I don’t specifically recall how I settled on this “250-points strategy” but that’s become a habit now and it has served me quite well. Over the past few months, I’ve managed to buy-in at very low price points and I’m already seeing the results payoff. The 250-point dip doesn’t have to be on a single day. So, for example, if the SENSEX dips from 18,750 to 18,500 over a 3-day window, that’s good enough for me. Further, the dip has to happen by 2 pm (because the cut-off to get that day’s NAV is 2.30 pm) so that I can take a call on whether to invest or not. If I believe that the market would tank further the next day, I wait till 2 pm the next day.
A pretty unusual strategy (that’s why you read this blog right?) but if you have the time and inclination it’s worth executing. Buy units as cheaply as you possibly can and watch them go up.
What could be more fun?
On a similar line of thought, I happened to read this pretty useful note from Value Research (emphasis mine):
In India, the stock markets seem to have settled into a pessimistic mood. There are the occasional bright days, but in general bad news of all kind has created a miasma which doesn’t seem to be anywhere close to clearing. It’s just the kind of time when the whole idea of investing, specially investing in equity for the long term loses any urgency.
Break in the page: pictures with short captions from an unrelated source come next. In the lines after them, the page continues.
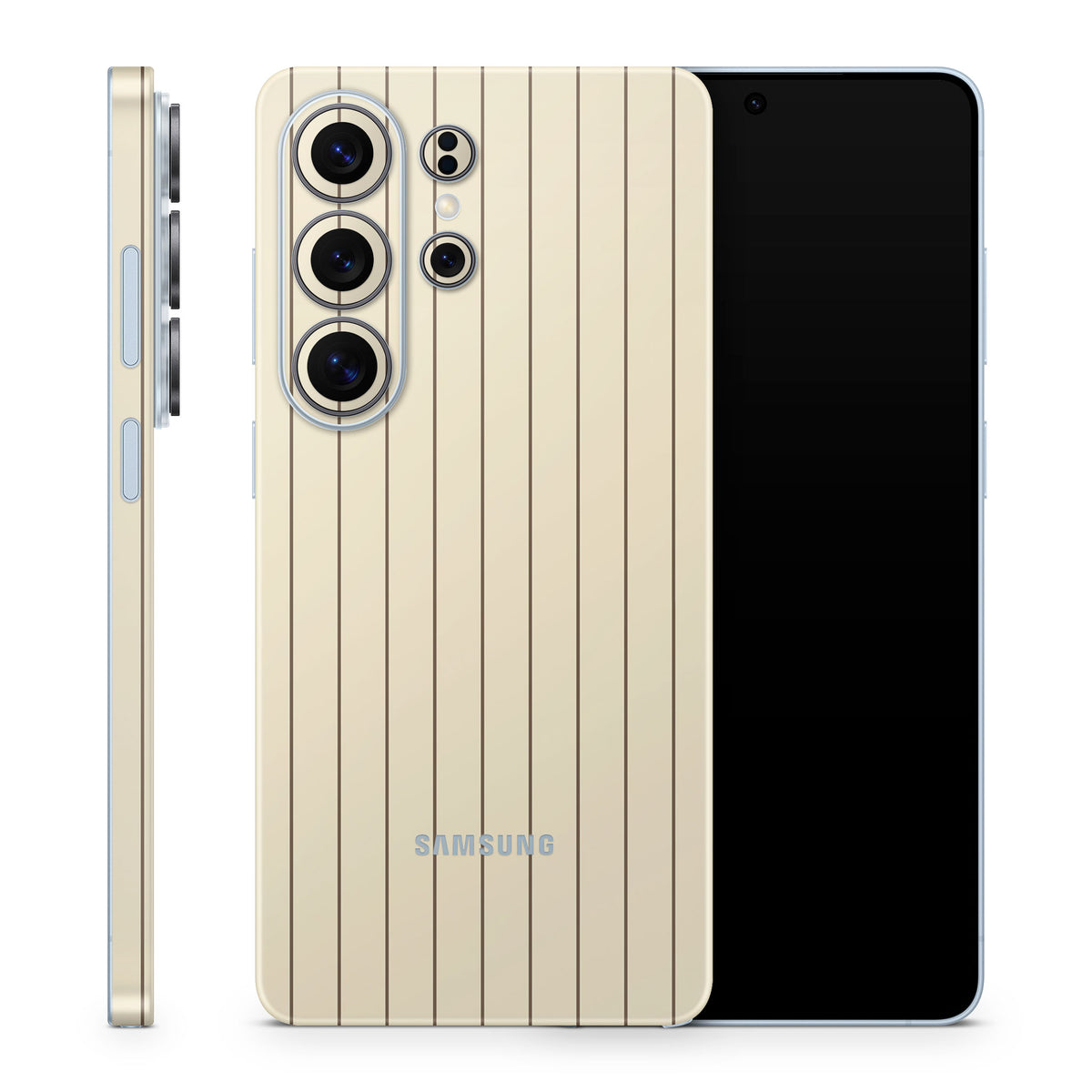 Cream Fine Line Samsung Galaxy Skin + Case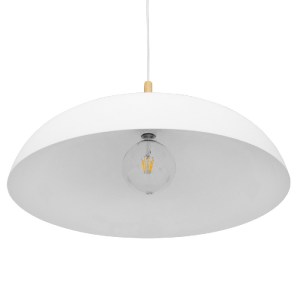 glo-00837-00837_4 GLOBOSTAR® ZOE 00837 ΜΟΝΤΕΡΝΟ ΚΡΕΜΑΣΤΟ ΦΩΤΙΣΤΙΚΟ ΚΑΜΠΑΝΑ ΜΟΝΟΦΩΤΟ 1 X E27 IP20 ΛΕΥΚΟ ΜΕΤΑΛ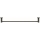 Duravit 99244600 - Nástěnný věšák na ručníky D-CODE 64,5 cm matná černá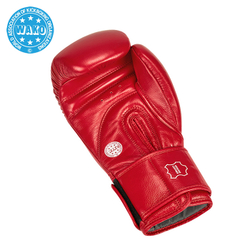 BGS-1213w Кикбоксерские перчатки Super Star WAKO Approved красные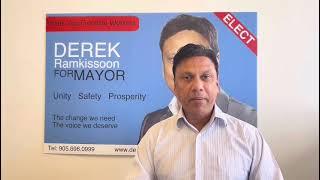 Onam Greetings by Derek Ramkissoon Mayor candidate for City of Mississauga.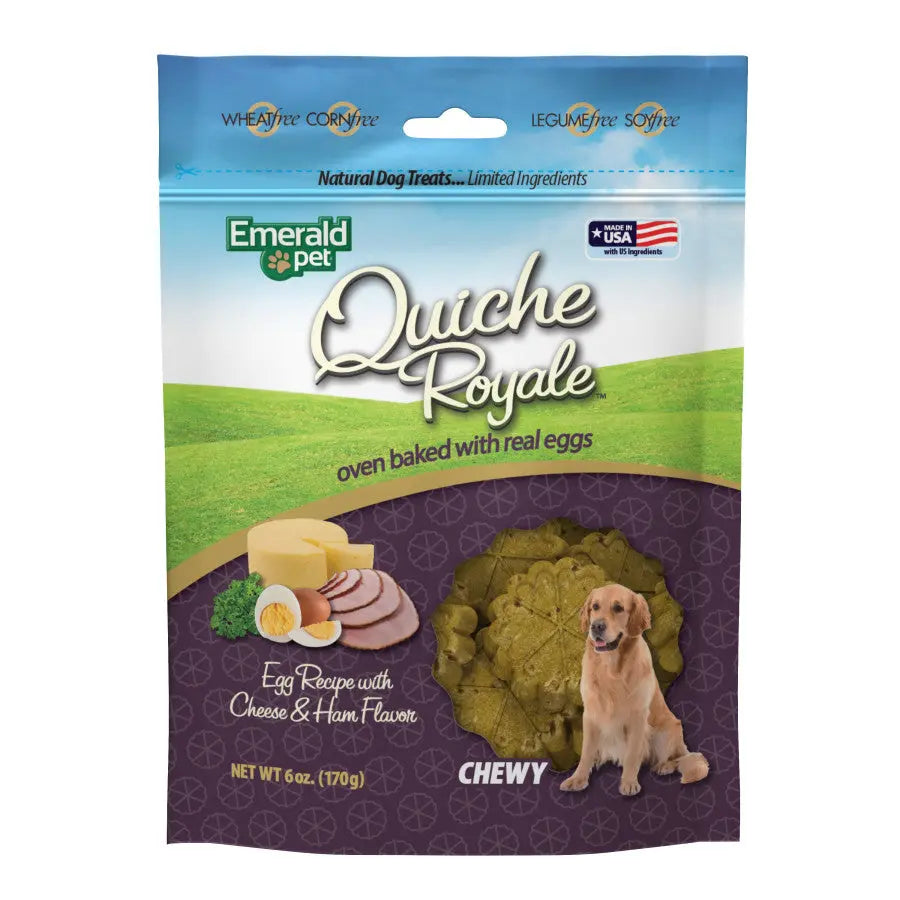Emerald Pet Quiche Royale Chewy Dog Treat 6 oz Emerald Pet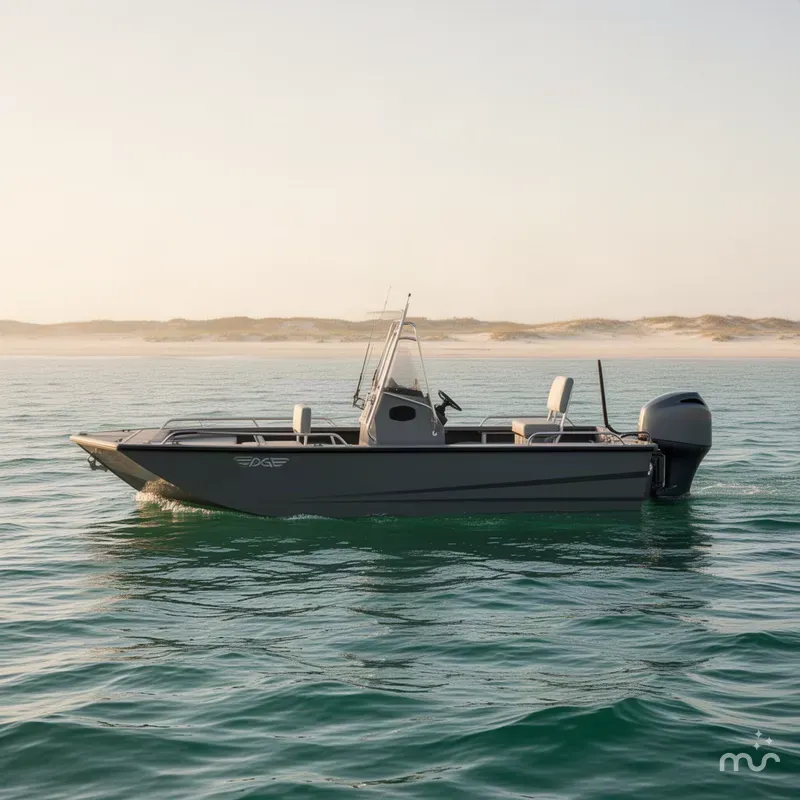 Slide: The Image of Edge Boats Sportsman Series 553DB MID DECK-40HP AND TRAILER 2026 - 2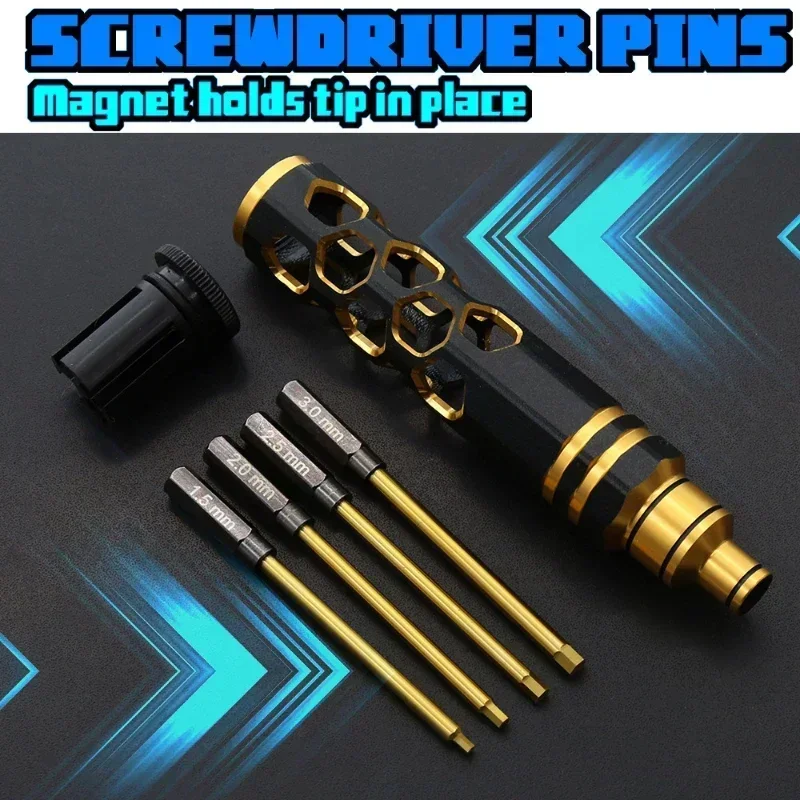 Tournevis à tête hexagonale 4  - Rc Helicopter Tool Kit avis et prix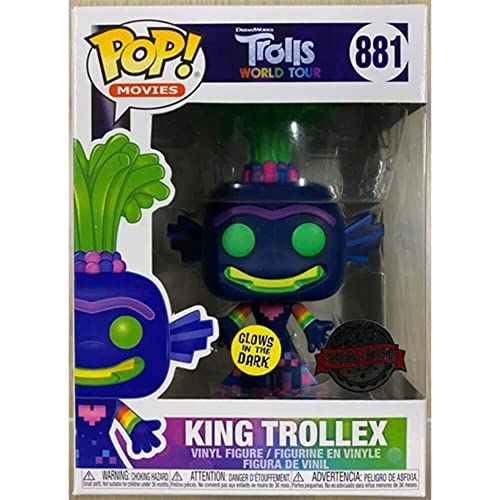 Funko Pop! Movies - King Trollex Vinyl Figure (#881) Glow-in-the-Dark Limited Edition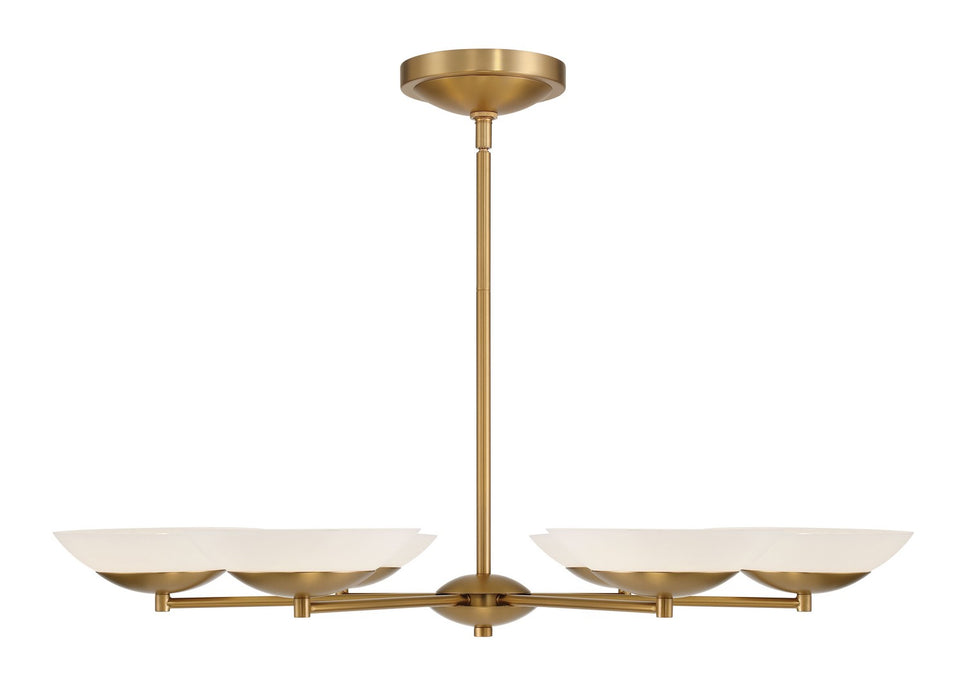 Minka-Lavery 3946-732 LED Chandelier, Legacy Brass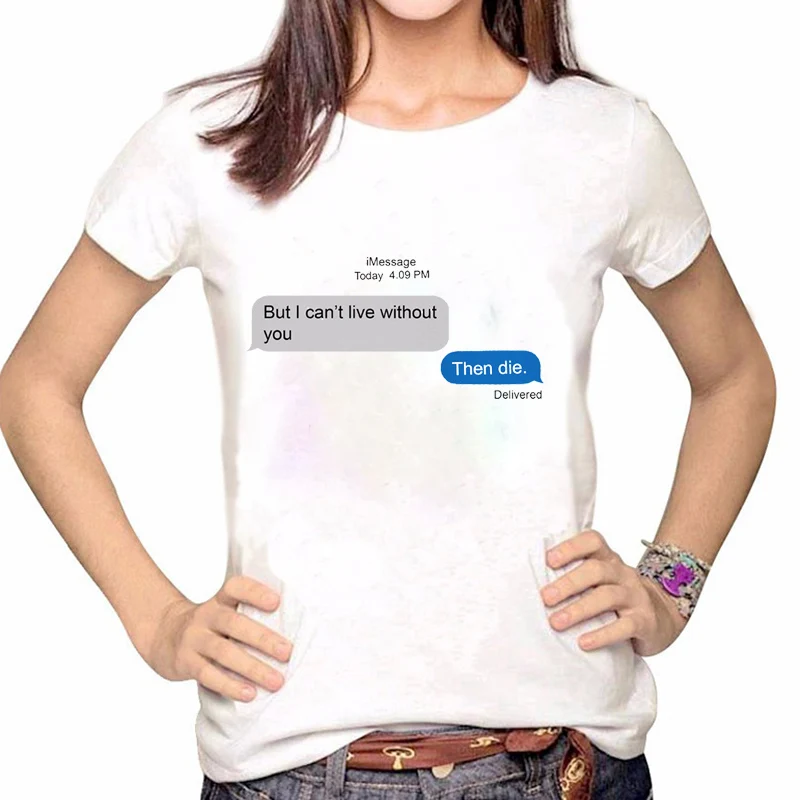 

Women Clothes Tshirt Women Print Shirt Summer Message Funny Printed Short Sleeve Casual T Top Female T-shirt Woman Tee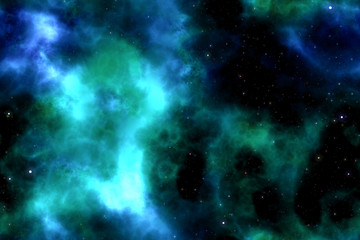 space with nebula and stars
You don’t get the feeling that you’ll be missing a bus by not starting fresh investments now. No great gains appear to be possible and therefore no great opportunity loss will take place if you don’t invest. So that equity SIP that you could have signed up for will probably go unstarted till you can feel some excitement of making money in your bones.
Unfortunately, for those who are saving and investing for the long-term, this would be downright dangerous frame of mind. This is exactly the kind of time in which you can lay the foundations of great long-term returns. Mainstream equities are stagnant, with frequent bursts of pessimism that drive prices down. An year or two of monthly equity SIPs in this supposedly uninspiring market and you would have built up a sizable chunk of equity holdings that have been acquired at a relatively low average cost.
For the thinking saver, these are actually very exciting times, the sort when you can quietly lay the foundation of your future fortune.
Couldn’t agree more. I’m slowly and steadily hiking up my equity exposure.